Şükrü HÜSEYİNOĞLU

22 Haziran 2015

ALLAH’TAN BAŞKALARIYLA KORKUTULMAK

Sevgi, korku, ümit ve endişe (rızık endişesi) gibi duyguların, insanların yönelimlerinde, tercihlerinde, itaat ve karşı duruşlarında belirleyici rol oynadığı bilinmektedir. Özellikle de sevgi ve korku duygularının insanların bağlılık ve itaat tercihlerinde temel etken olduğunu ifade edebiliriz.

İtaat ve bağlılık denilince İslami literatür açısından akla ilk olarak gelen, kulluk mefhumudur. Kendisine mutlak anlamda itaat ve bağlılık gösterilen ve diğer tüm itaat ve bağlılıkların referans kaynağını teşkil eden mercinin İslami literatürdeki karşılığı ise, rabb ve ilah mefhumlarıdır.

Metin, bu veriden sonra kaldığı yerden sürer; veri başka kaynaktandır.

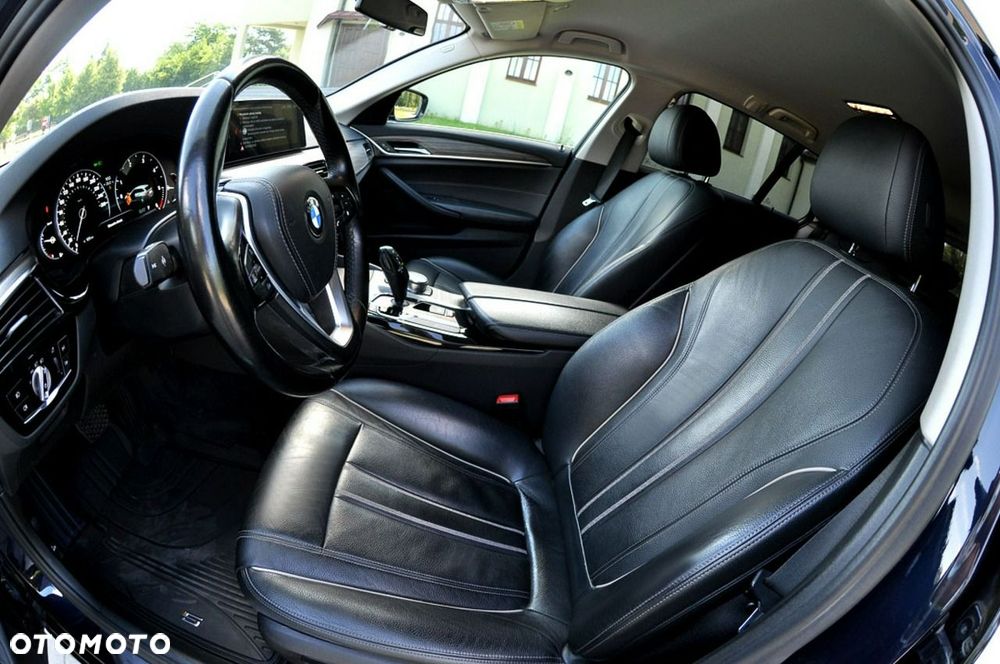 BMW Seria 5 520d Luxury Line sport - 8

Rabb-kul ilişkisi bu bağlam ve düzlemde vücuda gelmekte, insanlar ve toplumlar için sevgi ve korku duyguları nerede, hangi mercide, nesne veya mefhumda yoğunlaşmış ise onun karşısında bağlılık ve itaatla boyun eğmektedirler.

Sevgi ve korkunun, vahyi bilgiye (ilme) dayalı olup olmaması, söz konusu bağlılık ve itaatin (kulluğun) hak veya batıl oluşunu belirlemektedir. Sevgi ve korku duyguları vahyin ölçülerine tâbi kılındığında, insan ve toplumlar yalnızca Âlemlerin Rabbi’nin karşısında boyun eğmekte, kulluğu yalnız O’na has kılmaktadırlar.

Aksi halde ise, en çok sevgi beslenen veya en çok korkulan her ne ise, bağlılık ve itaat ona kanalize edilmekte, hayat o merci veya nesnenin ekseninde yaşanmaktadır. Bu merci veya nesne Allah’ın hükümlerini ölçü almayan siyasi bir otorite olabileceği gibi, iktisadi bir otorite, hatta Kur’an’ın tanıklık ettiği üzere bizzat insanın kendi hevası bile olabilmektedir:

“Kendi istek ve tutkularını (hevasını) ilah edineni gördün mü?...” (Furkân, 43; Ayrıca Bkz: Câsiye, 23)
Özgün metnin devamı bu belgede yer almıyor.